Re: [HACKERS] Partition-wise aggregation/grouping - Mailing list pgsql-hackers

From Jeevan Chalke
Subject Re: [HACKERS] Partition-wise aggregation/grouping
Date
Msg-id CAM2+6=W+16AGny3i8g+vTNH1jeGyczpHaykKuw==Xo0Cqo7hjw@mail.gmail.com
Whole thread Raw
In response to Re: [HACKERS] Partition-wise aggregation/grouping  (Ashutosh Bapat <ashutosh.bapat@enterprisedb.com>)
Responses Re: [HACKERS] Partition-wise aggregation/grouping  (Ashutosh Bapat <ashutosh.bapat@enterprisedb.com>)
List pgsql-hackers


On Tue, Mar 6, 2018 at 4:59 PM, Ashutosh Bapat <ashutosh.bapat@enterprisedb.com> wrote:
Hi Jeevan,
I am back reviewing this. Here are some comments.
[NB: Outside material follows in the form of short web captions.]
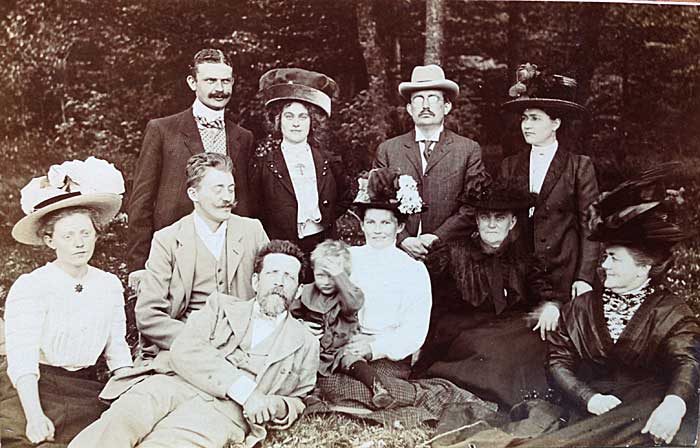 Gruppefoto af familien p&aring; skovtiur i 1910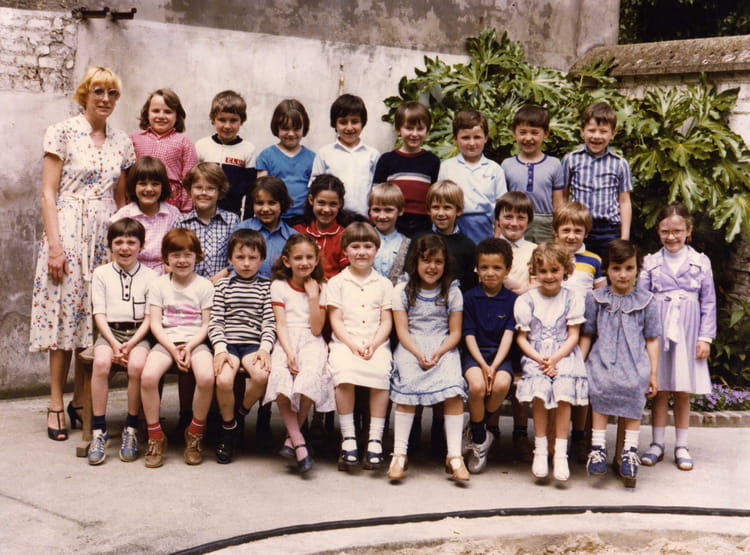 Photo de classe CP de Mme Hannoy de 1980, Ecole Sainte Famille (Arras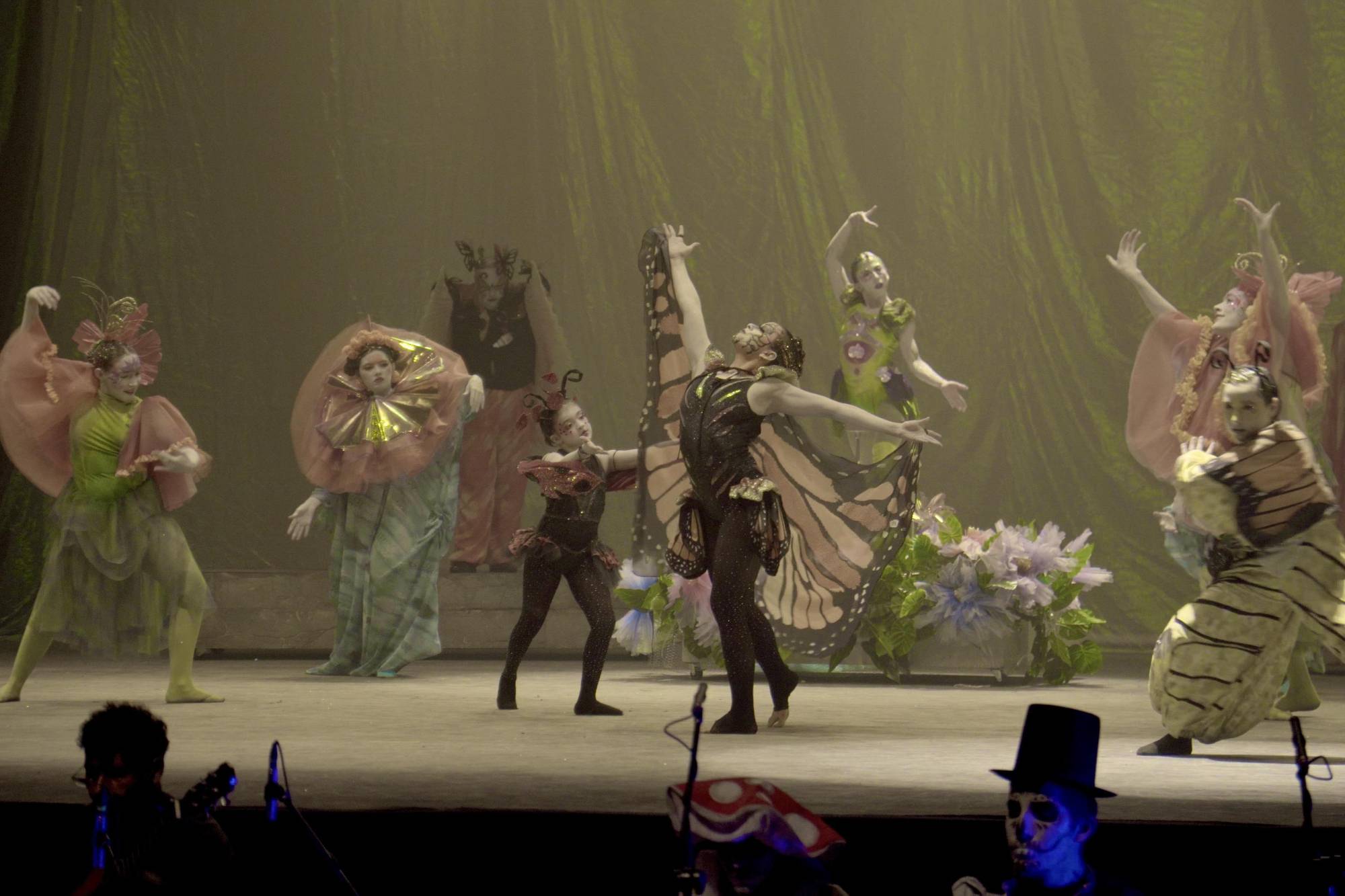 $!Más de 40 artistas participan en Monarca.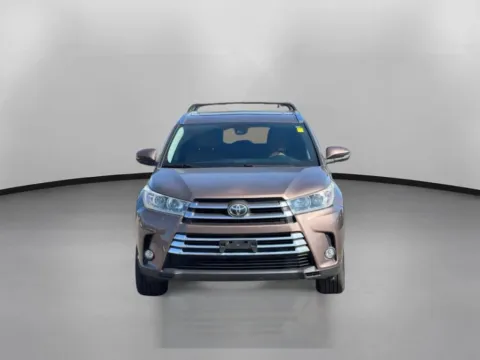 Another view of 2017 Toyota Highlander Limited Sport Utility 4D for sale in Manchester, CT at Drivemax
@@ -1415,7 +1413,8 @@ add_paths_to_append_rel(PlannerInfo *root,
RelOptInfo *rel,
          * the unparameterized Append path we are constructing for the parent.
          * If not, there's no workable unparameterized path.
          */
-        if (childrel->cheapest_total_path->param_info == NULL)
+        if (childrel->pathlist != NIL &&
+            childrel->cheapest_total_path->param_info == NULL)
             accumulate_append_subpath(childrel->cheapest_total_path,
                                       &subpaths, NULL);
         else
@@ -1683,6 +1682,13 @@ add_paths_to_append_rel(PlannerInfo *root,
RelOptInfo *rel,
             RelOptInfo *childrel = (RelOptInfo *) lfirst(lcr);
             Path       *subpath;

+            if (childrel->pathlist == NIL)
+            {
+                /* failed to make a suitable path for this child */
+                subpaths_valid = false;
+                break;
+            }
+
When can childrel->pathlist be NIL?

diff --git a/src/backend/optimizer/plan/createplan.c
b/src/backend/optimizer/plan/createplan.c
index 9ae1bf3..f90626c 100644
--- a/src/backend/optimizer/plan/createplan.c
+++ b/src/backend/optimizer/plan/createplan.c
@@ -1670,7 +1670,15 @@ create_sort_plan(PlannerInfo *root, SortPath
*best_path, int flags)
     subplan = create_plan_recurse(root, best_path->subpath,
                                   flags | CP_SMALL_TLIST);

-    plan = make_sort_from_pathkeys(subplan, best_path->path.pathkeys, NULL);
+    /*
+     * In find_ec_member_for_tle(), child EC members are ignored if they don't
+     * belong to the given relids. Thus, if this sort path is based on a child
+     * relation, we must pass the relids of it. Otherwise, we will end-up into
+     * an error requiring pathkey item.
+     */
+    plan = make_sort_from_pathkeys(subplan, best_path->path.pathkeys,
+                                   IS_OTHER_REL(best_path->subpath->parent) ?
+                                   best_path->path.parent->relids : NULL);

     copy_generic_path_info(&plan->plan, (Path *) best_path);

Please separate this small adjustment in a patch of its own, with some
explanation of why we need it i.e. now this function can see SortPaths from
child (other) relations.

+    if (child_data)
+    {
+        /* Must be other rel as all child relations are marked OTHER_RELs */
+        Assert(IS_OTHER_REL(input_rel));

I think we should check IS_OTHER_REL() and Assert(child_data). That way we know
that the code in the if block is executed for OTHER relation.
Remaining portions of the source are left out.